'''

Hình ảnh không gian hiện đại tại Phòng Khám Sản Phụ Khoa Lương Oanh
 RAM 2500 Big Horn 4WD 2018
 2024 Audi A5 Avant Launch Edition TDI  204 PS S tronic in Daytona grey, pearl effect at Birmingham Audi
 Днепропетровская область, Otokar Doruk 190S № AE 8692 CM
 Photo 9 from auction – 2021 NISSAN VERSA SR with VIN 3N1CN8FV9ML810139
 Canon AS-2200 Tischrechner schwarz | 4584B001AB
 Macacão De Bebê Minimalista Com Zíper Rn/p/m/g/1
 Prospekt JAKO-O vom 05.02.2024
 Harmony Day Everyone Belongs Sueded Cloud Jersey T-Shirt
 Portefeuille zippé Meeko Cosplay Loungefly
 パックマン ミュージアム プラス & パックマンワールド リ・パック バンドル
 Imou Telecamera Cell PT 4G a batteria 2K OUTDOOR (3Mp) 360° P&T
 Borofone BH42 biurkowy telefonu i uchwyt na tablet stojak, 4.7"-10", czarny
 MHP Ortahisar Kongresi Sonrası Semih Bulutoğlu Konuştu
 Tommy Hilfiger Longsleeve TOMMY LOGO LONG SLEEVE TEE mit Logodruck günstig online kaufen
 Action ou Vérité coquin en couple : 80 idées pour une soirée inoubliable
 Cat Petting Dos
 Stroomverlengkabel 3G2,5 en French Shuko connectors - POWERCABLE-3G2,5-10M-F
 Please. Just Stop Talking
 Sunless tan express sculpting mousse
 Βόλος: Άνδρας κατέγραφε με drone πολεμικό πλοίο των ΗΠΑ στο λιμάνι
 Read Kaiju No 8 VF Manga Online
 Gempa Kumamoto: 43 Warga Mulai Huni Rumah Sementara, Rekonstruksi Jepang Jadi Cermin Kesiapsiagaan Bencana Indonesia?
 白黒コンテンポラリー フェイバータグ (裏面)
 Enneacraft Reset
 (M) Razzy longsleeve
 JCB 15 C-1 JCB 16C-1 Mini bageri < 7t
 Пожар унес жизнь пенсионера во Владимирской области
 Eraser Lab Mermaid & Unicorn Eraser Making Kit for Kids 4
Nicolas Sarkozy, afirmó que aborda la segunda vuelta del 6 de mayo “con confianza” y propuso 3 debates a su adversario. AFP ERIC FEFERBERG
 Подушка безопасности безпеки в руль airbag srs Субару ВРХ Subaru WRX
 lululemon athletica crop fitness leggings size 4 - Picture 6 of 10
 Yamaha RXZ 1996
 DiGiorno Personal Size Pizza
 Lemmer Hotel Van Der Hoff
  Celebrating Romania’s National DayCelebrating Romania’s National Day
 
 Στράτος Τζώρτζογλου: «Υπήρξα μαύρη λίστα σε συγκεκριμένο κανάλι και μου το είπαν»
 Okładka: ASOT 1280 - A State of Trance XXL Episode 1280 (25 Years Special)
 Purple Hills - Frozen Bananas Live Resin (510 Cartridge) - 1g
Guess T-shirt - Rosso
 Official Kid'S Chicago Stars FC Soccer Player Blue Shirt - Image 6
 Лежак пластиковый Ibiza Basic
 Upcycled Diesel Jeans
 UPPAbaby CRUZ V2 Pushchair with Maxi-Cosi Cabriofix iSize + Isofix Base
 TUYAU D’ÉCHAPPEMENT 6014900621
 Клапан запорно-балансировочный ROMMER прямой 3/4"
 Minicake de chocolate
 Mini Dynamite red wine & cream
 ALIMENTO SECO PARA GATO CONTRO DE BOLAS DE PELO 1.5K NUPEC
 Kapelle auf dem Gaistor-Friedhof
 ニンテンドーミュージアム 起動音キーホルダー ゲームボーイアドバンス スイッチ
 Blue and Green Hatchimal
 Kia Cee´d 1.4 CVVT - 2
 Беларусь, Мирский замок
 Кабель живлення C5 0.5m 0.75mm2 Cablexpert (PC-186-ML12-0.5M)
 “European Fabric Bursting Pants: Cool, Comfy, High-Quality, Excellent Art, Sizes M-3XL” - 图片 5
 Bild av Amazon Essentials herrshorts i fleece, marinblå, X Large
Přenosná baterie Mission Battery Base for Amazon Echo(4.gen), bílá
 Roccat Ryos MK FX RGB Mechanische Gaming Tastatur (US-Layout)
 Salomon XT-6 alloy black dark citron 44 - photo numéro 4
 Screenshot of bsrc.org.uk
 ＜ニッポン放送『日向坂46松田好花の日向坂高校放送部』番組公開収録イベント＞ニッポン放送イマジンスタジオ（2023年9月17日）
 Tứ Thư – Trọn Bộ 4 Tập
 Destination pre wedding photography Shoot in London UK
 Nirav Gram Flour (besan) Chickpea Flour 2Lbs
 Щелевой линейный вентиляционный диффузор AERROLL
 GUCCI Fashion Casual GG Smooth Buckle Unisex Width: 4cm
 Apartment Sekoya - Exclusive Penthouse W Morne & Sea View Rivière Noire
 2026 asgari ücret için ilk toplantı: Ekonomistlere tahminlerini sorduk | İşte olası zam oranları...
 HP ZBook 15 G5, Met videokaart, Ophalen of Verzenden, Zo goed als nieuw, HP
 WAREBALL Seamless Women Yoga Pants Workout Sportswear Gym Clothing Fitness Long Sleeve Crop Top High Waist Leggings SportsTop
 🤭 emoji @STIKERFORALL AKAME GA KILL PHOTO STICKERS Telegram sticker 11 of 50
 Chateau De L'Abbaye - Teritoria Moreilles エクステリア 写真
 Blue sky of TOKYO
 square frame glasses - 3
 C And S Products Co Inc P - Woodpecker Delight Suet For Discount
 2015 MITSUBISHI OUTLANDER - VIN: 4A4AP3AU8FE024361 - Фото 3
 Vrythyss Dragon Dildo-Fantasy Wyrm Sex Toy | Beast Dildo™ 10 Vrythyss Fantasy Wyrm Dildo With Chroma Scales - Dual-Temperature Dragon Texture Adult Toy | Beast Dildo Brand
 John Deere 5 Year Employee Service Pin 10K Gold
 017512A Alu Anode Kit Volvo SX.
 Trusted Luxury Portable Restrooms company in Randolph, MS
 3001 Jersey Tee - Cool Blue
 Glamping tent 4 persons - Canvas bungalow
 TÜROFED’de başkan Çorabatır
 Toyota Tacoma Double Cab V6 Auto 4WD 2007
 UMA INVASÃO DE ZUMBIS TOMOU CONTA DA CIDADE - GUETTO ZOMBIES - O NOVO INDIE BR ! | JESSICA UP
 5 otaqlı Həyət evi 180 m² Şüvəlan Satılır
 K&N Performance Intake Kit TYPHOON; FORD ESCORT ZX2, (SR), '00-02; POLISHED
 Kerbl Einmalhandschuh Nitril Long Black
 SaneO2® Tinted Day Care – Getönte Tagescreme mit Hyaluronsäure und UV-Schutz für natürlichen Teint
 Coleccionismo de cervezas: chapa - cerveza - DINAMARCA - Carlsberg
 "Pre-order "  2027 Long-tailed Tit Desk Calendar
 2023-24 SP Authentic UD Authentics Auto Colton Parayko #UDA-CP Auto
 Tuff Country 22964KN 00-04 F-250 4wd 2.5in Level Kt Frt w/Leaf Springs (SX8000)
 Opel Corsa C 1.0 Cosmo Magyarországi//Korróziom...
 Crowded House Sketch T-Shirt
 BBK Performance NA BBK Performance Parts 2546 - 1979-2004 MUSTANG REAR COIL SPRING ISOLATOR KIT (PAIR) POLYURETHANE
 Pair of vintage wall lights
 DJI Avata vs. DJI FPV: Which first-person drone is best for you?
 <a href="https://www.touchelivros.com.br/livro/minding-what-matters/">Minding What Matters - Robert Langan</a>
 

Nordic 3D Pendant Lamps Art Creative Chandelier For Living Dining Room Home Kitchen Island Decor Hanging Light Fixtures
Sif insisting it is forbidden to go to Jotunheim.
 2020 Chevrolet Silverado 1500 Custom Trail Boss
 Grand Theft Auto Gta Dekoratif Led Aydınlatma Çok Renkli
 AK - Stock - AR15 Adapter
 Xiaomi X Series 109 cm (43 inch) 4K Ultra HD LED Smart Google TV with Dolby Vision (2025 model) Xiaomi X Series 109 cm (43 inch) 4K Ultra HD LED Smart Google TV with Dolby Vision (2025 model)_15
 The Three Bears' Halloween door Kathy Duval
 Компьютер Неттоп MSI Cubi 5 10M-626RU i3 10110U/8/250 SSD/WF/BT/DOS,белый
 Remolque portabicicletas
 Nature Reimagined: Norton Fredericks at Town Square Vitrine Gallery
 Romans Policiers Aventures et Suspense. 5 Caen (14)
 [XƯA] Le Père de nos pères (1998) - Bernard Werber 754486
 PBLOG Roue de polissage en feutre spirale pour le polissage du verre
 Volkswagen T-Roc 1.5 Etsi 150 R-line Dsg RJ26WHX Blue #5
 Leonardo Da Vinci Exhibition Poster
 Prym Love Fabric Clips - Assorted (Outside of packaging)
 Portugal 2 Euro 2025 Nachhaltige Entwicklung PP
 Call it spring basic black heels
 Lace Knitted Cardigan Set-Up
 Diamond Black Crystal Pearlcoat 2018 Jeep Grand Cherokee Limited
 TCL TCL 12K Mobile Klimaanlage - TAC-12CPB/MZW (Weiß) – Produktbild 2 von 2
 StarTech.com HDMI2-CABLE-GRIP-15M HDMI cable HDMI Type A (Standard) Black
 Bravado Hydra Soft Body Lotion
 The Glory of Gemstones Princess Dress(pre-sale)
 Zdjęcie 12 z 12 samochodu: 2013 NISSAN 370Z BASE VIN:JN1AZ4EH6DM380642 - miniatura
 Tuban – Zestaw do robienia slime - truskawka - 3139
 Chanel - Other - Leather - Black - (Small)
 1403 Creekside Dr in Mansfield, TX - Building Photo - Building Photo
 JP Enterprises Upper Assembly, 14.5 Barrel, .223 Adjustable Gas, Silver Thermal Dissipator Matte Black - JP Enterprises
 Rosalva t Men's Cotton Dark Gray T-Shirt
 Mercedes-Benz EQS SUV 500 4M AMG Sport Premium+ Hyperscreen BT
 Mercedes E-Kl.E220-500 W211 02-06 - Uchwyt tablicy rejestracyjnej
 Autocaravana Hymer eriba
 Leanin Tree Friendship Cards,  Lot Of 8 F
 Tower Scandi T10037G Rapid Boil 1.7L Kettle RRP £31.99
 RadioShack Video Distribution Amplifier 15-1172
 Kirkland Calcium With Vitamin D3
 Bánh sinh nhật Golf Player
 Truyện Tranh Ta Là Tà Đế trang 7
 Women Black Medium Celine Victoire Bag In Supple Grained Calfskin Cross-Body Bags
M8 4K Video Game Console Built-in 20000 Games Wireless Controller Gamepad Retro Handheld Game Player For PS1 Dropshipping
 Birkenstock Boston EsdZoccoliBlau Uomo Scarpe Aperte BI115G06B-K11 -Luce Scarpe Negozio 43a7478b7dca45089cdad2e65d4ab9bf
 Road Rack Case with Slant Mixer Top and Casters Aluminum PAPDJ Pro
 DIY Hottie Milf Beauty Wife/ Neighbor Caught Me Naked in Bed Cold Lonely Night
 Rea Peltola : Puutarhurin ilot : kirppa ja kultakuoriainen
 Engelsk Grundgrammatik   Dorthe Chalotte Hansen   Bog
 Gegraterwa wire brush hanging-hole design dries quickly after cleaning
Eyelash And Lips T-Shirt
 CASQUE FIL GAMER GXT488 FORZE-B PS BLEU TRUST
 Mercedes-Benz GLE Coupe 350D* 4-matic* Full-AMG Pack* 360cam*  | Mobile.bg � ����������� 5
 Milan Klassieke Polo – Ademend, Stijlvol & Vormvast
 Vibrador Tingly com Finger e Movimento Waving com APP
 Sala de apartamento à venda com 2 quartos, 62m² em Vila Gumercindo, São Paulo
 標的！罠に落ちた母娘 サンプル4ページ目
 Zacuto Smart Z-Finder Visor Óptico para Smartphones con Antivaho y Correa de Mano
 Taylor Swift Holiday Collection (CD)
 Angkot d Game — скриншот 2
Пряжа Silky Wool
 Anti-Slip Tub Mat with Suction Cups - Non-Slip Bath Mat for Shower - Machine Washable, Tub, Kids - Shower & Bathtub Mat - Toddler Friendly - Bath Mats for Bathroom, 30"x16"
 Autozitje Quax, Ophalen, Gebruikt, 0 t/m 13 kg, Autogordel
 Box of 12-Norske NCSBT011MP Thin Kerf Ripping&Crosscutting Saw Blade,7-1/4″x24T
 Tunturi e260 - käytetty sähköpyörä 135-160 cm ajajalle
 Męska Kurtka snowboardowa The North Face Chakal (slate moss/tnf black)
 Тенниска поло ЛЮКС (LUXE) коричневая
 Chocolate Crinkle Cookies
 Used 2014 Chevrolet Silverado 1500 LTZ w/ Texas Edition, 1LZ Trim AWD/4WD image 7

'''

#### DESCRIPTION OF THE TASK
What you write must be the entries restated word for word, from the opening line through the one holding "Okładka: ASOT 1280", with nothing else.

#### EXERCISE ANSWER
Hình ảnh không gian hiện đại tại Phòng Khám Sản Phụ Khoa Lương Oanh
 RAM 2500 Big Horn 4WD 2018
 2024 Audi A5 Avant Launch Edition TDI  204 PS S tronic in Daytona grey, pearl effect at Birmingham Audi
 Днепропетровская область, Otokar Doruk 190S № AE 8692 CM
 Photo 9 from auction – 2021 NISSAN VERSA SR with VIN 3N1CN8FV9ML810139
 Canon AS-2200 Tischrechner schwarz | 4584B001AB
 Macacão De Bebê Minimalista Com Zíper Rn/p/m/g/1
 Prospekt JAKO-O vom 05.02.2024
 Harmony Day Everyone Belongs Sueded Cloud Jersey T-Shirt
 Portefeuille zippé Meeko Cosplay Loungefly
 パックマン ミュージアム プラス & パックマンワールド リ・パック バンドル
 Imou Telecamera Cell PT 4G a batteria 2K OUTDOOR (3Mp) 360° P&T
 Borofone BH42 biurkowy telefonu i uchwyt na tablet stojak, 4.7"-10", czarny
 MHP Ortahisar Kongresi Sonrası Semih Bulutoğlu Konuştu
 Tommy Hilfiger Longsleeve TOMMY LOGO LONG SLEEVE TEE mit Logodruck günstig online kaufen
 Action ou Vérité coquin en couple : 80 idées pour une soirée inoubliable
 Cat Petting Dos
 Stroomverlengkabel 3G2,5 en French Shuko connectors - POWERCABLE-3G2,5-10M-F
 Please. Just Stop Talking
 Sunless tan express sculpting mousse
 Βόλος: Άνδρας κατέγραφε με drone πολεμικό πλοίο των ΗΠΑ στο λιμάνι
 Read Kaiju No 8 VF Manga Online
 Gempa Kumamoto: 43 Warga Mulai Huni Rumah Sementara, Rekonstruksi Jepang Jadi Cermin Kesiapsiagaan Bencana Indonesia?
 白黒コンテンポラリー フェイバータグ (裏面)
 Enneacraft Reset
 (M) Razzy longsleeve
 JCB 15 C-1 JCB 16C-1 Mini bageri < 7t
 Пожар унес жизнь пенсионера во Владимирской области
 Eraser Lab Mermaid & Unicorn Eraser Making Kit for Kids 4
Nicolas Sarkozy, afirmó que aborda la segunda vuelta del 6 de mayo “con confianza” y propuso 3 debates a su adversario. AFP ERIC FEFERBERG
 Подушка безопасности безпеки в руль airbag srs Субару ВРХ Subaru WRX
 lululemon athletica crop fitness leggings size 4 - Picture 6 of 10
 Yamaha RXZ 1996
 DiGiorno Personal Size Pizza
 Lemmer Hotel Van Der Hoff
  Celebrating Romania’s National DayCelebrating Romania’s National Day
 
 Στράτος Τζώρτζογλου: «Υπήρξα μαύρη λίστα σε συγκεκριμένο κανάλι και μου το είπαν»
 Okładka: ASOT 1280 - A State of Trance XXL Episode 1280 (25 Years Special)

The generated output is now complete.